Here's what property owners can do amidst the virus crisis
Recycling capital is an option for owners.
Recycling capital into new opportunities that have risen from the COVID-19 crisis could be an option for Singapore’s property owners, according to Colliers International. This includes office and hotel assets for mid to long-term growth with favourable supply-demand drivers.
According to its forecast, investment sales could be weak in H1 with a possible rapid recovery in H2. But it maintained its projections for full-year investment sales to be up 6% to $31.3b in 2020.
As the outbreak persists, office leasing activity could slow as relocation and expansion plans as well as viewings are postponed, Colliers said.
However, the increase in remote working should encourage occupiers to accelerate tech adoption whilst considering flex-and-core strategies and/or split office locations. “Occupiers may also now prioritise wellness certifications as a key criterion for building decisions,” said Tricia Song, head of research for Singapore at Colliers International.

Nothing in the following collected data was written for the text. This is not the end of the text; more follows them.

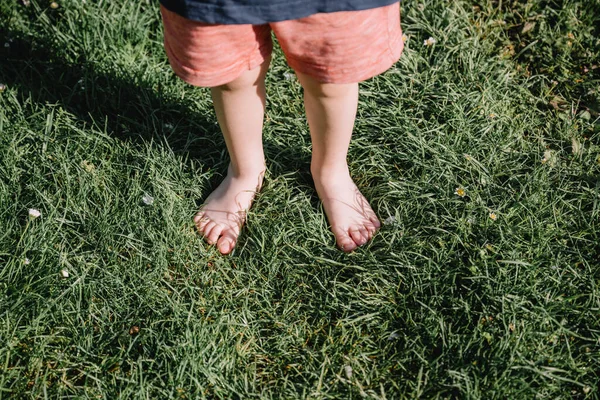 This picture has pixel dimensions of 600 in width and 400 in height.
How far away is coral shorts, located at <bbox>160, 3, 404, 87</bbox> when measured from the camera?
1396 millimetres

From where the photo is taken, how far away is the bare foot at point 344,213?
203 cm

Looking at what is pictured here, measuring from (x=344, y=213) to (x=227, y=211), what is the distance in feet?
1.33

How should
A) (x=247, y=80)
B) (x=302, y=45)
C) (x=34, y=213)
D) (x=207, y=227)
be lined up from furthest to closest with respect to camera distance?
(x=207, y=227) → (x=34, y=213) → (x=247, y=80) → (x=302, y=45)

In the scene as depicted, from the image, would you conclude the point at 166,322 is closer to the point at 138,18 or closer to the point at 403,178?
the point at 403,178

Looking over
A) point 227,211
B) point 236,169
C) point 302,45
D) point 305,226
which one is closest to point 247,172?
point 236,169

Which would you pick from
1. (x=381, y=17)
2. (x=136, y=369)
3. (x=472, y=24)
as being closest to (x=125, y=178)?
(x=136, y=369)

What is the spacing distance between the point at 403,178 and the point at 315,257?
44cm

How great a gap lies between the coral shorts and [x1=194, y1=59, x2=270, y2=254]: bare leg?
202 mm

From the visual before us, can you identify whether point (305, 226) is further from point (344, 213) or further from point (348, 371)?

For the retail sector, Colliers expects landlords to pass on property tax rebates to their tenants through temporary rent rebates for tenants, along with increased spending on mall hygiene, and free parking and increased marketing.

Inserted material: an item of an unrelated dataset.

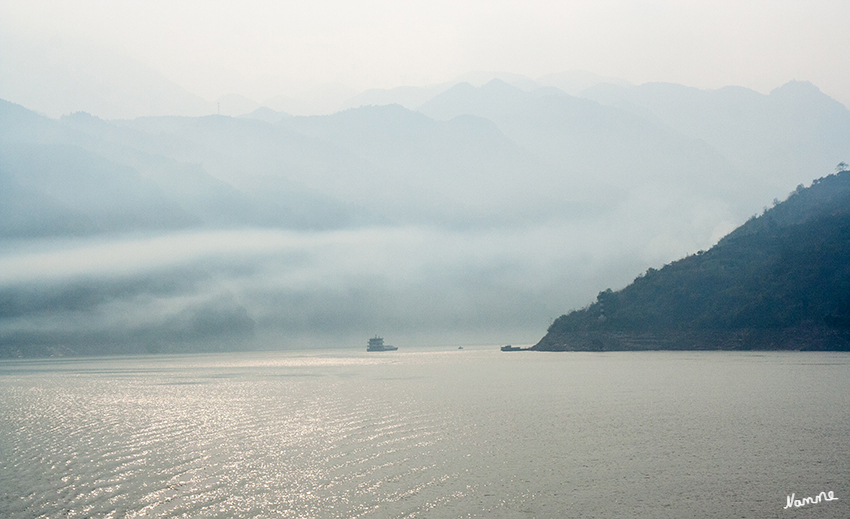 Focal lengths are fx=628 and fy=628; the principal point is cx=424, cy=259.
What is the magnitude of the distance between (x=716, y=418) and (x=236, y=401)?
4930cm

“We urge retailers to take this opportunity to work with landlords to expand their offline-to-online strategies,” Song said.
The industrial sector is also expected to take a hit as manufacturing activities could decline in the near-term due to global supply chain disruptions.
In the meantime, industrialists and landlords could use this downtime to upgrade assets to align with Industry 4.0. “Warehouse owners should improve inventory and last-mile management processes,” Song added.